The Department of Homeland Security (“DHS”) under the Trump Administration may implement new guidelines terminating a 2015 Rule that extended eligibility for employment authorization to certain H-4 dependent spouses of H-1B nonimmigrants who sought employment-based lawful permanent resident (“LPR”) status. The rule, implemented in 2015 under the Obama Administration, permitted certain H-4 spouses to secure work authorization if the H-1B nonimmigrant spouse was the principal beneficiary of an approved I-140 Immigrant Petition for Alien Worker or had been granted H-1B status under sections 1069a) and (b) of AC21. The rule was designed to attract and retain highly skilled foreign workers by permitting their spouses to obtain work permits, reducing the disruption to certain sectors of the U.S. economy (such as the Tech industry) that rely on H-1B visa holders to fill shortfalls in the employment market. By permitting spouses to work, the rule provided an incentive to highly skilled individuals to stay and work in the U.S.

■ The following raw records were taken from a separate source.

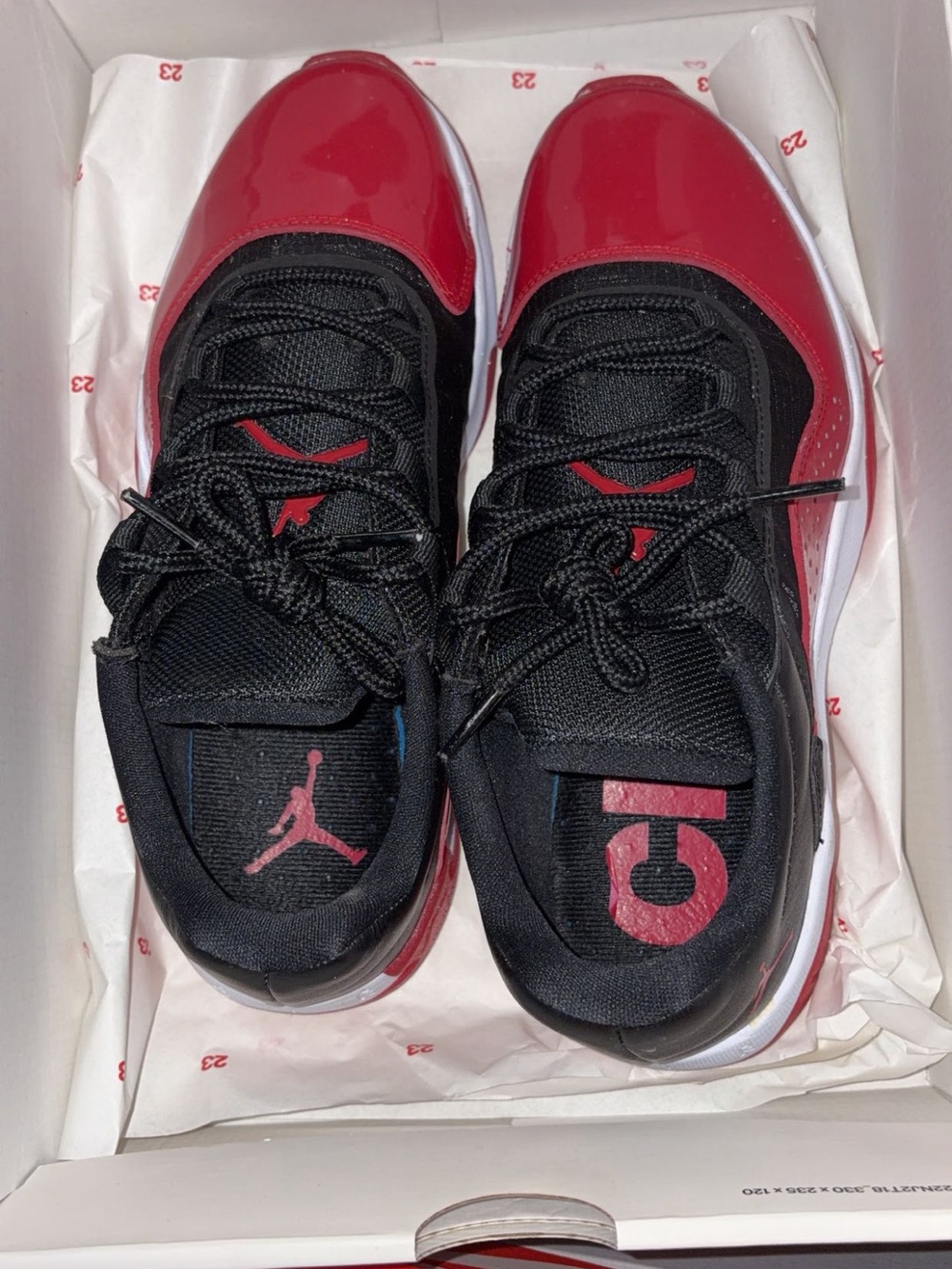 Jordan Kids Black and Red Low-Top Sneakers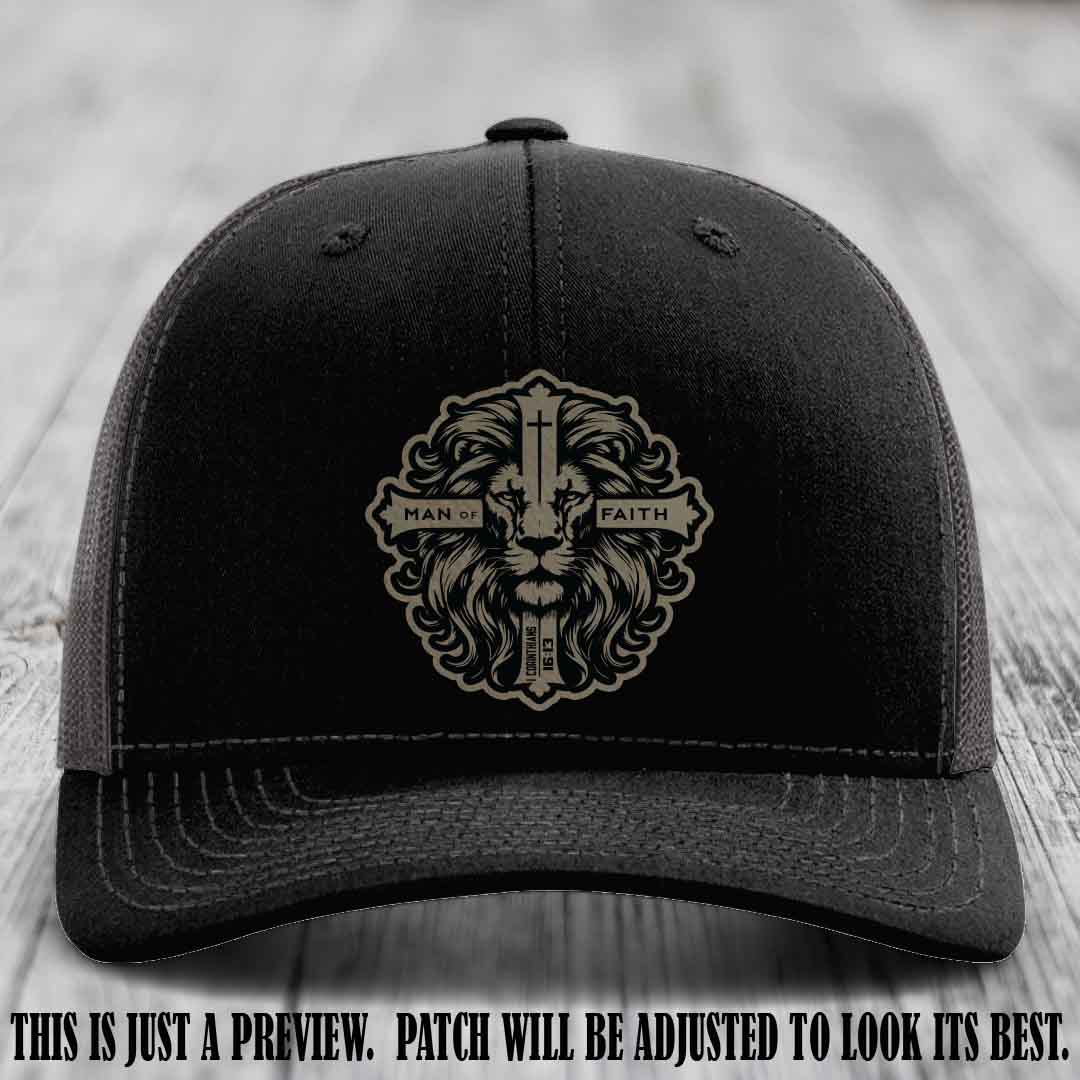 Man of Faith design Light Brown to Black Patch on Black to Charcoal Hat Richardson 112 leather patch hat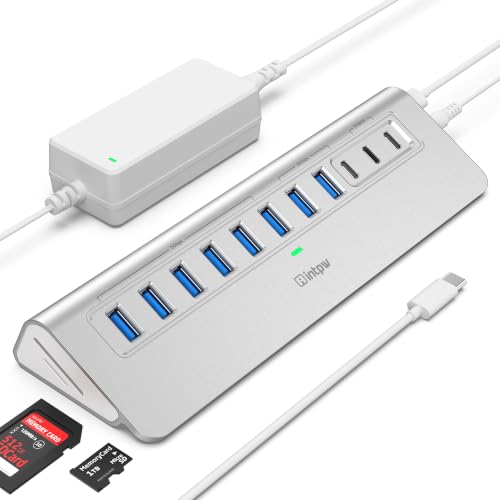 intpw Powered USB Hub 10Gbps, 13-Port USB 3.2 Hub with SD/TF Slots - color: Silver, size: 13 Port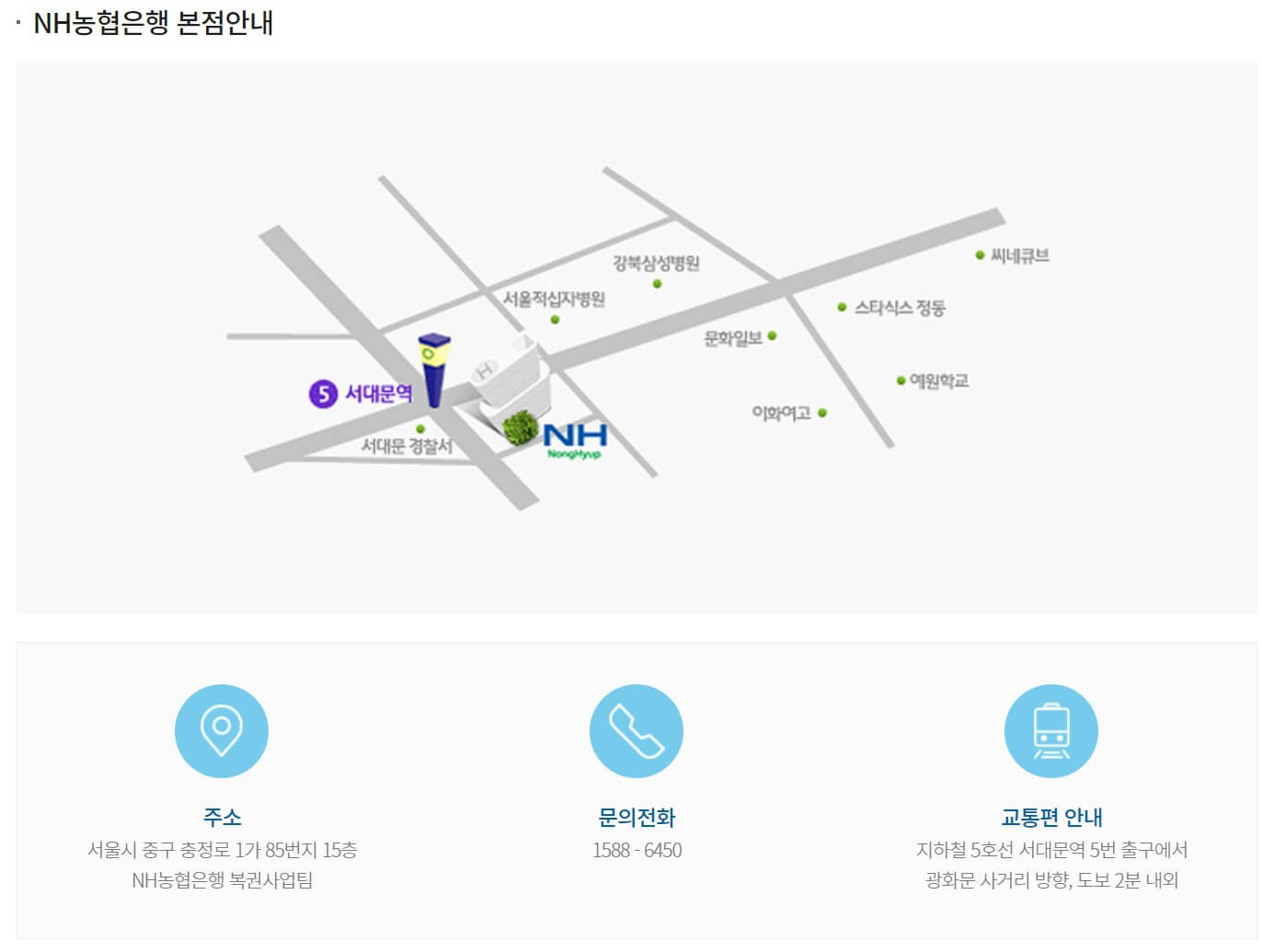 농협 본점 위치
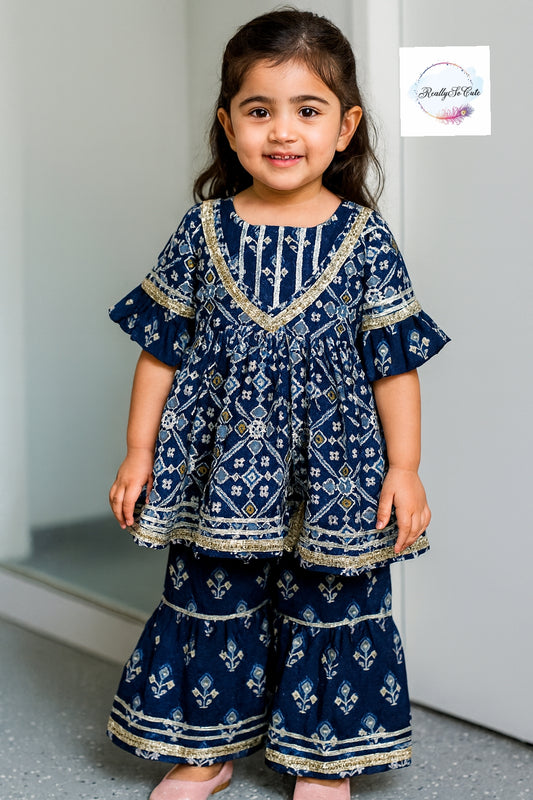 Blue patola girl kurti sharara set, cotton kurta sharara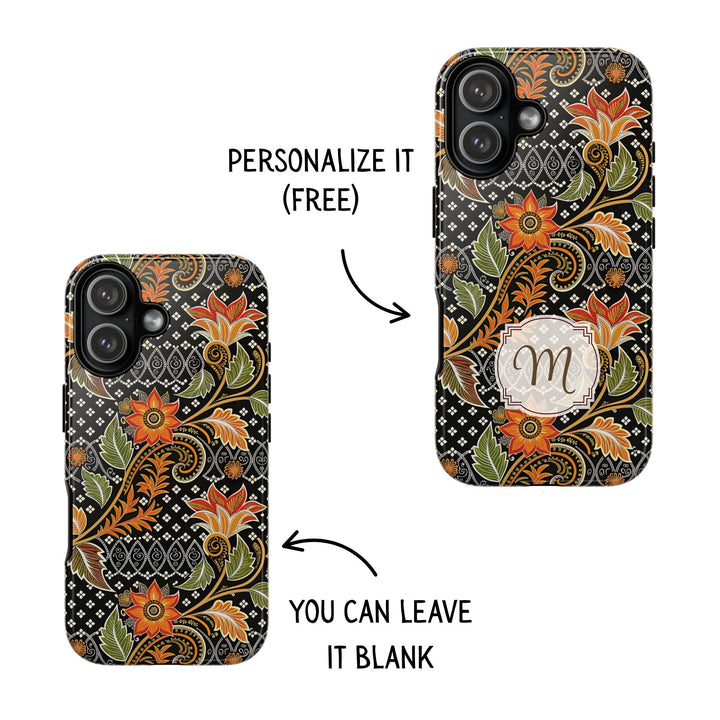 Modern Batik Pattern Tough Phone Cases Personalizable - Aesthetic Floral 3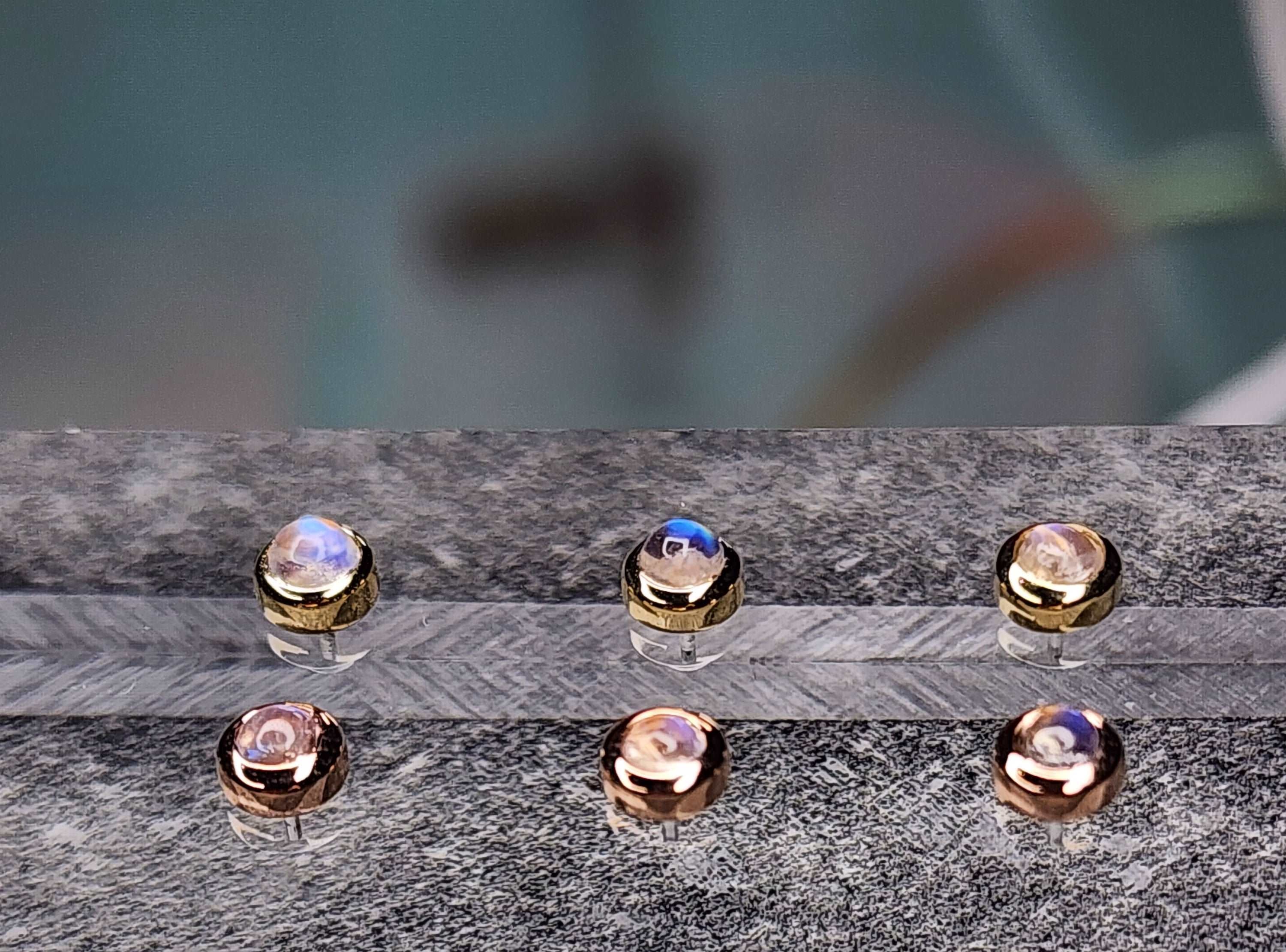 Solid 14k Yellow and rose gold threadless 4mm Cabachon set Genuine Blue Moonstones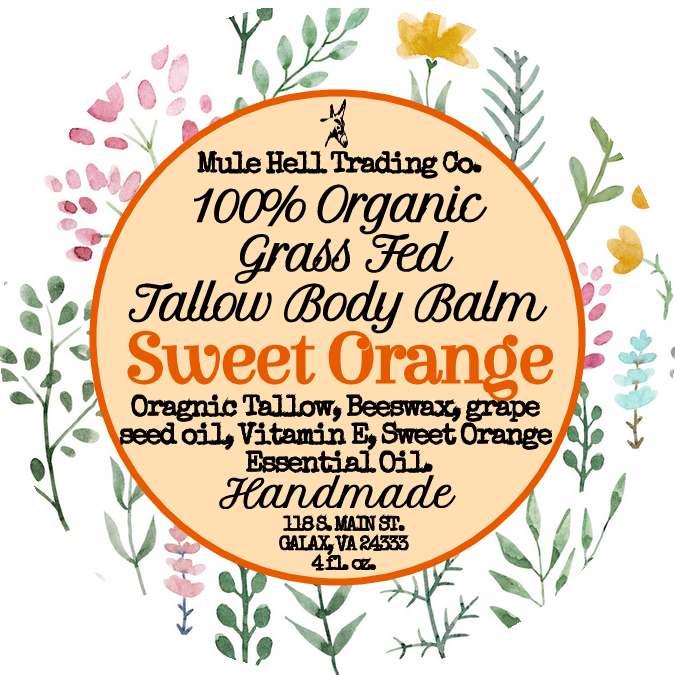 100% Organic, Grass Fed, Sweet Orange Tallow Body Balm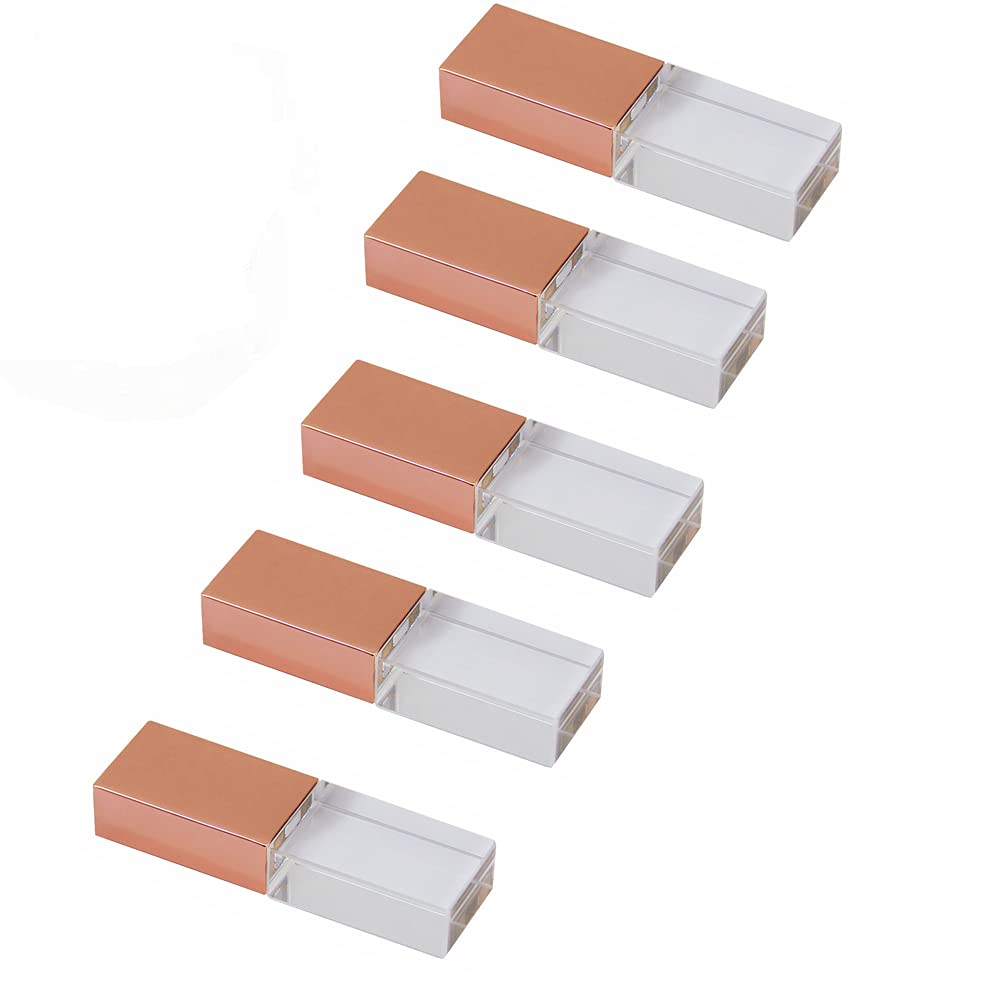 5 Pack 32GB USB 2.0 Bulk Flash Drives Rose Gold Crystal LED Light Memory Stick Glass Transparent Clear Thumb Drives Jump Drive Pendrive Zip Drive (32GB, Rose Gold Crystal x 5)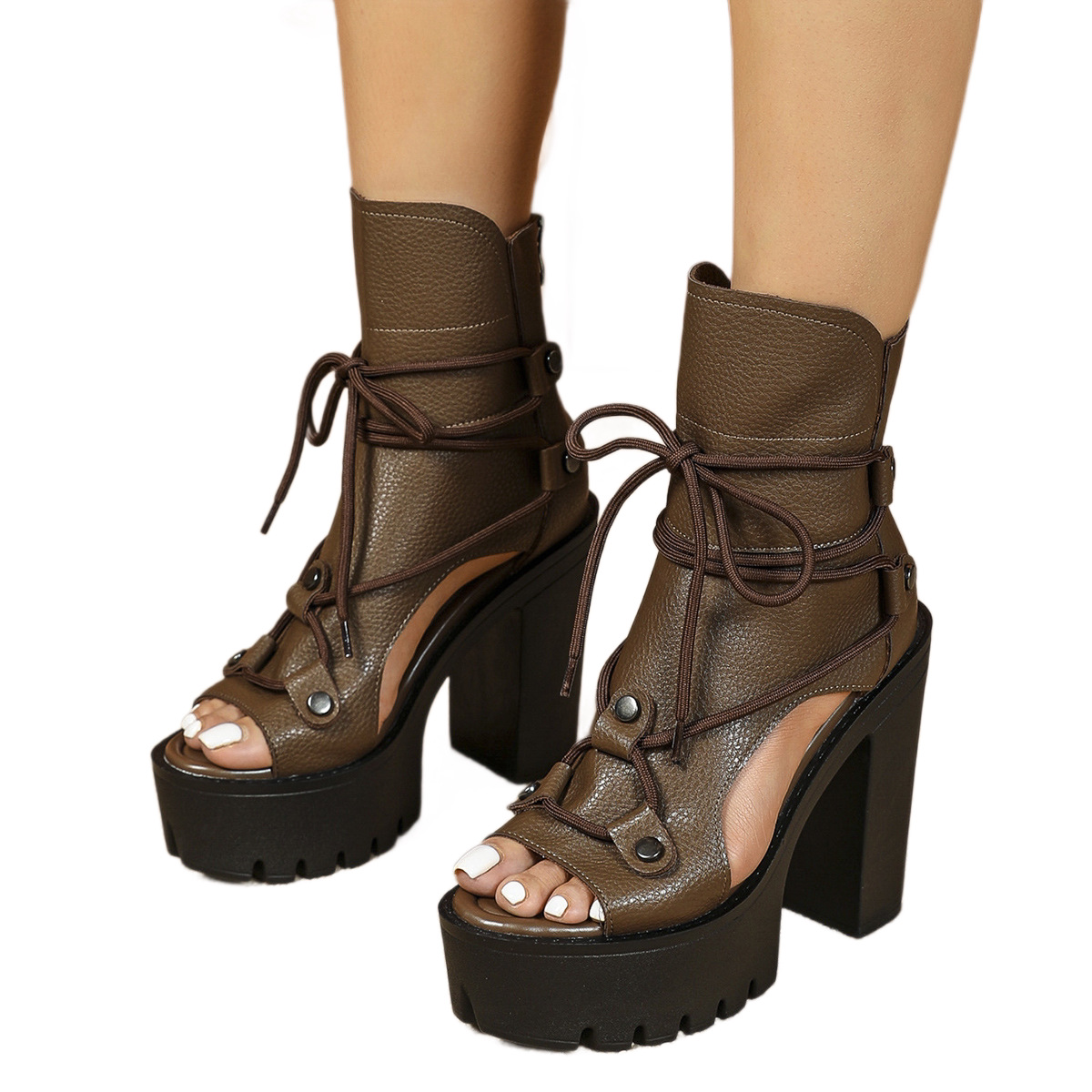 Womens Large-size Sandals With A High Chunky Heel — foto 2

Since its implementation in May of 2015, the rule has been the subject of ongoing litigation that challenges the right of H-4 visa holders to work in the U.S. While the administration has delayed making a decision in the lawsuit, the government will have to make a decision on the H-4 work permit rule by January 2. According to those familiar with the lawsuit, the government has signaled a desire to terminate the work authorization for all H-4 spouses. It is expected that the Trump Administration will terminate the issuance of work permits to H-4 visa holders in light of the president’s “Buy American and Hire American” executive order, which mandated a review of existing immigration policies, prioritizing the preservation of American Jobs.
Scott Legal is monitoring the situation and will provide updates as they become available.